# Extracted records
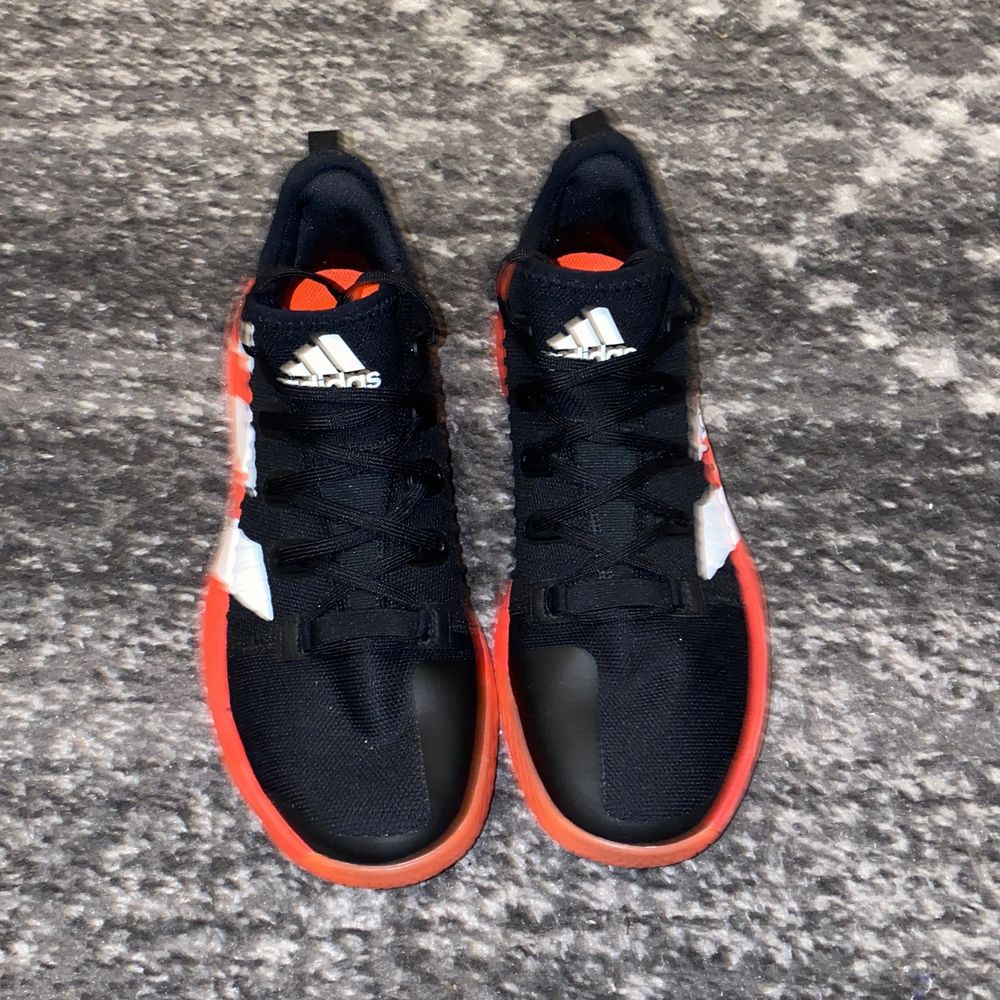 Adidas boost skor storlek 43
==
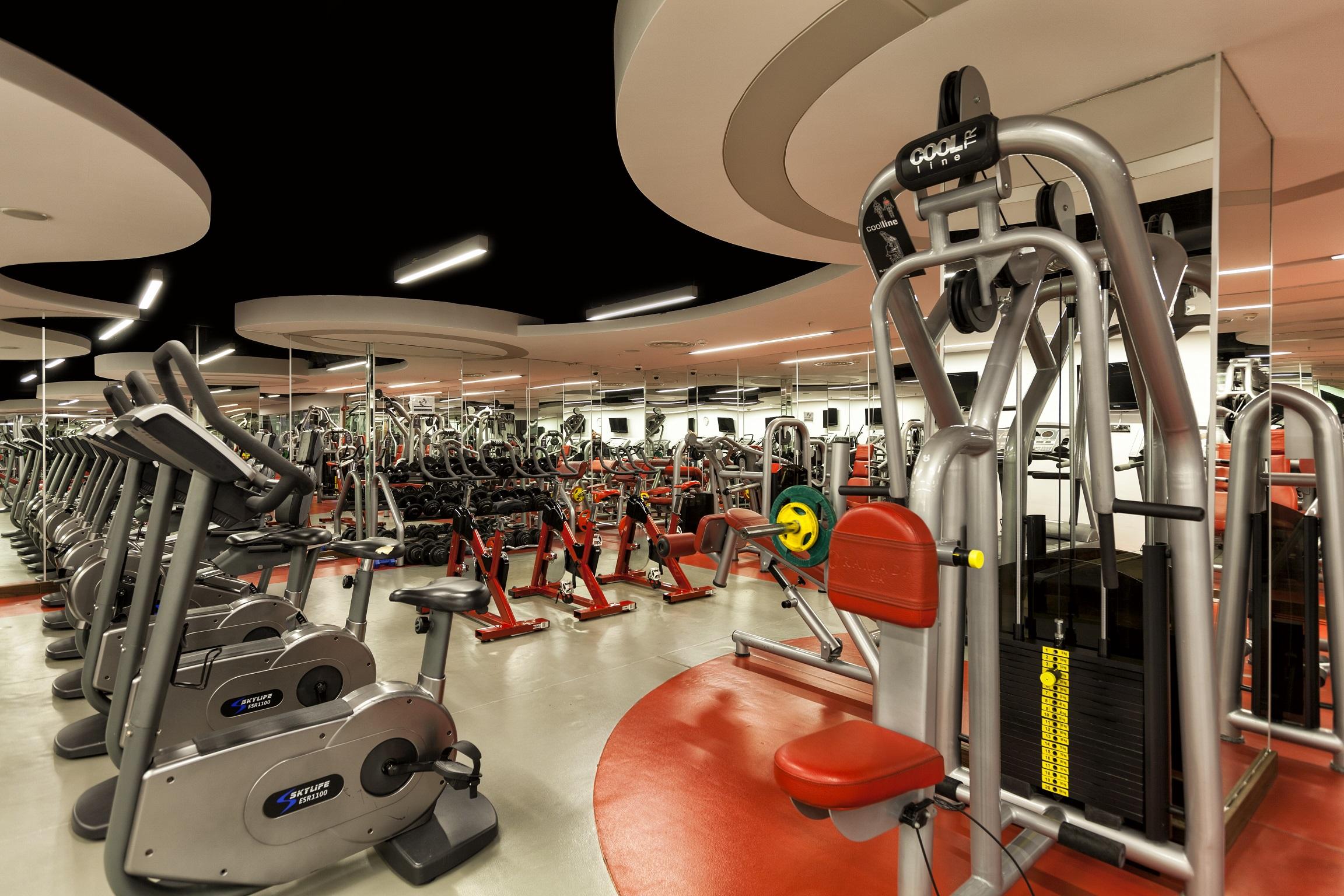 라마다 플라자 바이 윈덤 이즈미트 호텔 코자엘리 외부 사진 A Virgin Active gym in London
* * *
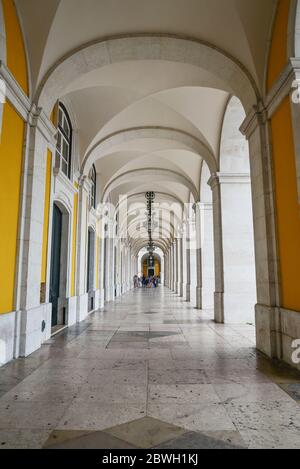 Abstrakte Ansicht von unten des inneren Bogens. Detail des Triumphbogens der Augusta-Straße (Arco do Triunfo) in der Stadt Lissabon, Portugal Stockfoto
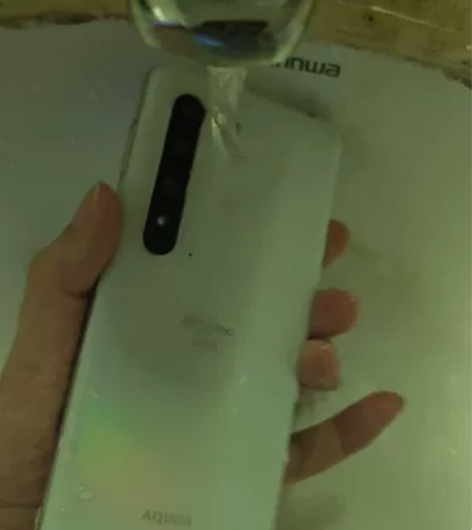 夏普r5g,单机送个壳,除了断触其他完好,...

# To do
Starting with the line above that holds "Abstrakte Ansicht von", restate each line word for word up to and including the line that holds "夏普r5g,单机送个壳,除了断触其他完好,...". Drop the pictures.

# Answer box
 Abstrakte Ansicht von unten des inneren Bogens. Detail des Triumphbogens der Augusta-Straße (Arco do Triunfo) in der Stadt Lissabon, Portugal Stockfoto
 夏普r5g,单机送个壳,除了断触其他完好,...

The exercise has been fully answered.